Old naira notes to remain legal tender until further notice, Supreme Court rules
Written by Broadstreet Admin on November 29, 2023
The Supreme Court on Wednesday ordered that the old N200, N500, N1000 notes should continue to co-exist with the new notes till further notice.
The Supreme Court has decreed that both the old and new currency notes will retain their status as legal tender until the Federal Government establishes a comprehensive process for their replacement or redesign, following consultation with relevant stakeholders.
The ruling, delivered by a seven-man panel presided over by Justice Inyang Okoro, was in response to an application from the Federal Government. The government sought an extension of the period during which the old naira notes could be used as legal tender. Additionally, the government requested the court to lift its earlier order from March 3, emphasizing that the extension was necessary due to challenges in printing a sufficient volume of new notes for the phased withdrawal of the old currency before the December 31 deadline.

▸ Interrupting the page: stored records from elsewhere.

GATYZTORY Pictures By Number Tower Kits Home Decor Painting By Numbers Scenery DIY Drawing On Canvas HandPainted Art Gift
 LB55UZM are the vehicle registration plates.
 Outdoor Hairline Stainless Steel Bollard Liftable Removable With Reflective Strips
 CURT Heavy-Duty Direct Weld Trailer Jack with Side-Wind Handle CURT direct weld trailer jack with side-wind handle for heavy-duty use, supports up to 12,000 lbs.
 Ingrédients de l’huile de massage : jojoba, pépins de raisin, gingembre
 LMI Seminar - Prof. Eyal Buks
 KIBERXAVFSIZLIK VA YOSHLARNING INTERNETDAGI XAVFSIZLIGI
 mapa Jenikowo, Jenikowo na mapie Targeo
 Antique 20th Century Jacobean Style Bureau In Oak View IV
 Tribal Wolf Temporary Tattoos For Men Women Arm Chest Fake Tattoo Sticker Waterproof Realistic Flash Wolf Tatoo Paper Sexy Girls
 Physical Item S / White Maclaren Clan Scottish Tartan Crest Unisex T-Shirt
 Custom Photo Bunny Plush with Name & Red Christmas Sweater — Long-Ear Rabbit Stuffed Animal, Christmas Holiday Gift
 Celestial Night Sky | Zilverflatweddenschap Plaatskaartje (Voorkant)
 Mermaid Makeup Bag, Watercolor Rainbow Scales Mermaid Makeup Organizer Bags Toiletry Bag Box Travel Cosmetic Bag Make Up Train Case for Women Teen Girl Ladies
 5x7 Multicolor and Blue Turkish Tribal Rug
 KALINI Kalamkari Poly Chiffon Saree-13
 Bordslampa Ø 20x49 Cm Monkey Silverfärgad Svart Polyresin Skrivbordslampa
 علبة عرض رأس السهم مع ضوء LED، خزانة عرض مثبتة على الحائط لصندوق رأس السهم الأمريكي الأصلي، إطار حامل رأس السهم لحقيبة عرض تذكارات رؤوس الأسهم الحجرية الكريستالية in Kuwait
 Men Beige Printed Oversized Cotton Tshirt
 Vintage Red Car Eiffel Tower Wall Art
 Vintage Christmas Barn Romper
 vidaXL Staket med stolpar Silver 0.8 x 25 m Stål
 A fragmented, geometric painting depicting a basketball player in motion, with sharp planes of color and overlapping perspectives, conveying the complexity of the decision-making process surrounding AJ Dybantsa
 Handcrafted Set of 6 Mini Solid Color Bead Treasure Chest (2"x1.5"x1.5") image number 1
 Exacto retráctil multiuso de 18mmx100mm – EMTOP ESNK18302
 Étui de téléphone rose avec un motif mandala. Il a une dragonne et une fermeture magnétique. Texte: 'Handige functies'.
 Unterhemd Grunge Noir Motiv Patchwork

The Attorney-General of the Federation (AGF), Lateef Fagbemi, presented the fresh application, providing further clarification that a refusal to extend the circulation period could lead to significant national, economic, and financial crises. The government argued that the country might face challenges reminiscent of the initial quarter of the year when the naira redesign policy, spearheaded by the former Central Bank of Nigeria (CBN) Governor, Godwin Emefiele, was implemented. The government urged the court to permit the simultaneous use of old and new notes until it completes consultations with stakeholders, highlighting the potential risk to the economy due to hoarding of both currency types by some Nigerians ahead of the December 31 deadline.
The seven-man panel, in a unanimous decision, granted Fagbemi’s application.
In a related development, the Central Bank of Nigeria (CBN) had previously announced in mid-November that the old N200, N500, and N1,000 notes would retain their legal tender status indefinitely.